Mountains and Mind
During lockdown I read a few books, including Mountains of the Mind – A History of a Fascination, by Robert Macfarlane [published by Granta in London in 2003]. Note that the subtitle differs in the U.S. version.
Macfarlane, a British mountaineer, weaves stories of his own climbs around the world with a history of mountaineering, and attitudes toward mountains. He tells how, in the Middle Ages, climbing mountains was frowned on as being a sort of sacrilege. He also reveals how mountaineering historians consider the first technical rock climb to have been made by Samuel Taylor Coleridge (author of Kubla Kahn poem, and fan of opium). And he tells of the three attemps to climb Mount Everest (also named Chongolumba) by George Mallory.
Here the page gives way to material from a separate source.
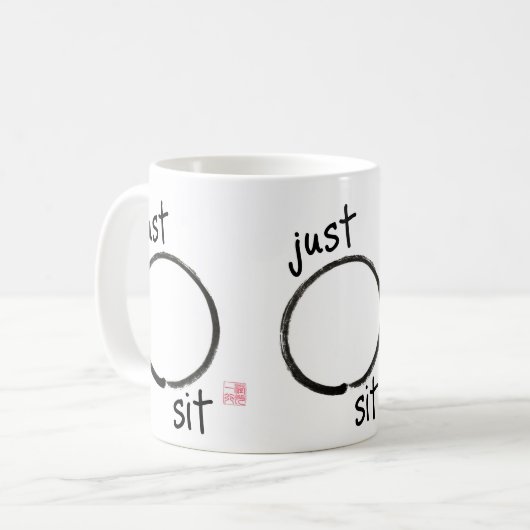 Just Sit コーヒーマグカップ (正面左)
Below are a few quotes from his book.
That first photo above? That is me as younger lad rappelling off The Maiden rock pinnacle, located between the towns of Boulder and Eldorado Canyon in Colorado. Two of my brothers and I climbed the back side of it, then needed two full 160-foot ropes tied together to abseil off the top. The climb actually was not very difficult. Because we had not yet invested in rock climbing shoes (and never touched chalk bags), we climbed in our Adidas Rom sneakers. Good Times!
“Above all, geology makes explicit challenges to our understanding of time. It giddies the sense of here-and-now. The imaginative experience of what the writer John McPhee memorably called ‘deep time’ – the sense of time whose units are not days, hours, minutes or seconds but millions of years or tens of millions of years—crushes the human instant: flattens it to a wafer. Contemplating the immensities of deep time, you face, in a way that is both exquisite and horrifying, the total collapse of your present, compacted to nothingness by the pressures of pasts and futures too extensive to envisage.”
“On a map the weather is always good, the visibility always perfect. A map offers you the power of perspective over a landscape: reading one is like flying over a country in an aeroplane—a deodorized, pressurized, temperature controlled survey.”
“Maps do not take account of time, only of space. They do not acknowledge how a landscape is constantly on the move—is constantly revising itself.”
“Returning to earth after being in the mountains—stepping back out of the wardrobe—can be a disorienting experience. Like Peter, Edmund, Susan and Lucy returning from Narnia, you expect everything to have changed. You half-expect the first people you see to grip you by the elbow and ask you if you are all right, to say You’ve been away for years. But usually no one notices you’ve been gone at all. And the experiences you have had are largely incommunicable to those who were not there. Returning to daily life after a trip to the mountains, I have often felt as though I were a stranger re-entering my county after years abroad, not yet adjusted to my return, and bearing experiences beyond speech.”
“Travelers found that the coldness of the high mountains possessed another remarkable property beyond the beautiful visual effects it produced—the property of arresting time. Cold kills, but it also preserves; it slows down the organic processes of disintegration.”